◆ **WORK ORDER**: Please retype the listing below exactly as it stands, skipping any pictures.

◆ **RECORDED INFORMATION**:
----

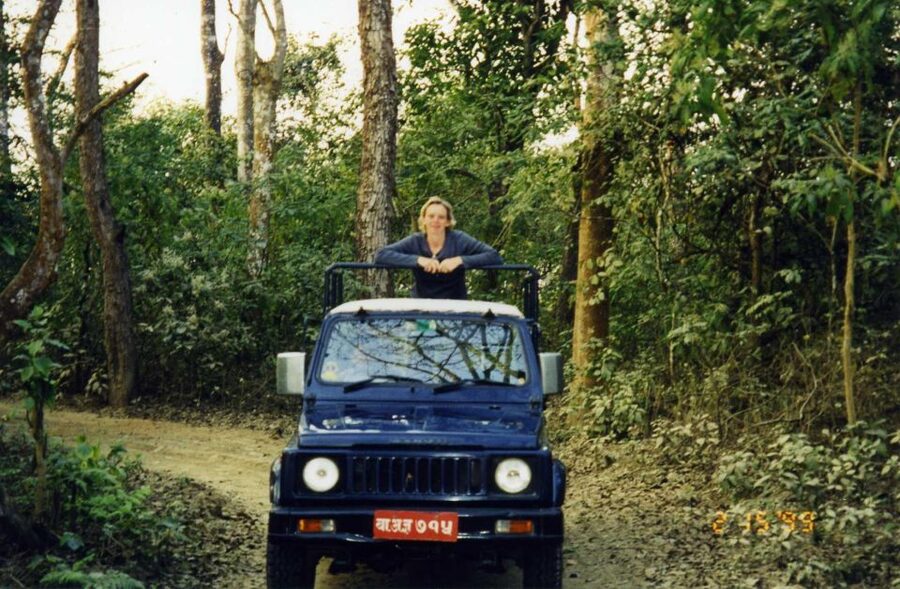 From Kathmandu/Pokhara: 3-Day All-Inclusive Chitwan Safari - The bus ride from Kathmandu or Pokhara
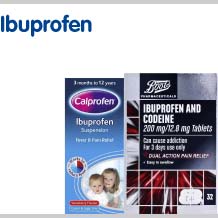 Ibuprofen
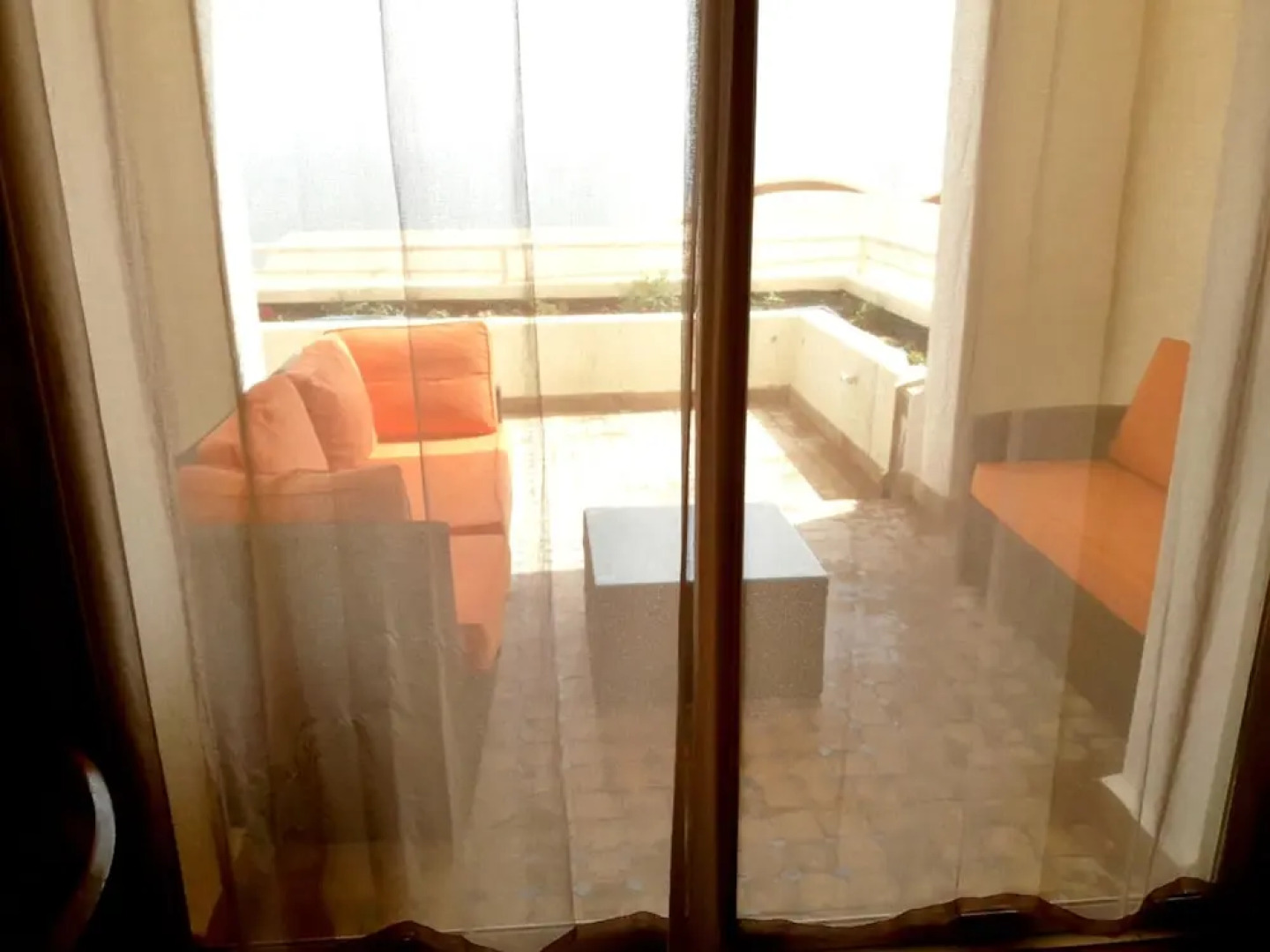 Apartment With 2 Bedrooms in Tiguert, With Wonderful sea View, Private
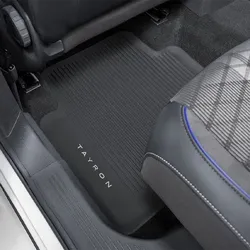 Volkswagen Tayron Allwettermatten 2. Sitzreihe 57L06151282V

----

◆ **WRITTEN ANSWER**:
 From Kathmandu/Pokhara: 3-Day All-Inclusive Chitwan Safari - The bus ride from Kathmandu or Pokhara
 Ibuprofen
 Apartment With 2 Bedrooms in Tiguert, With Wonderful sea View, Private
 Volkswagen Tayron Allwettermatten 2. Sitzreihe 57L06151282V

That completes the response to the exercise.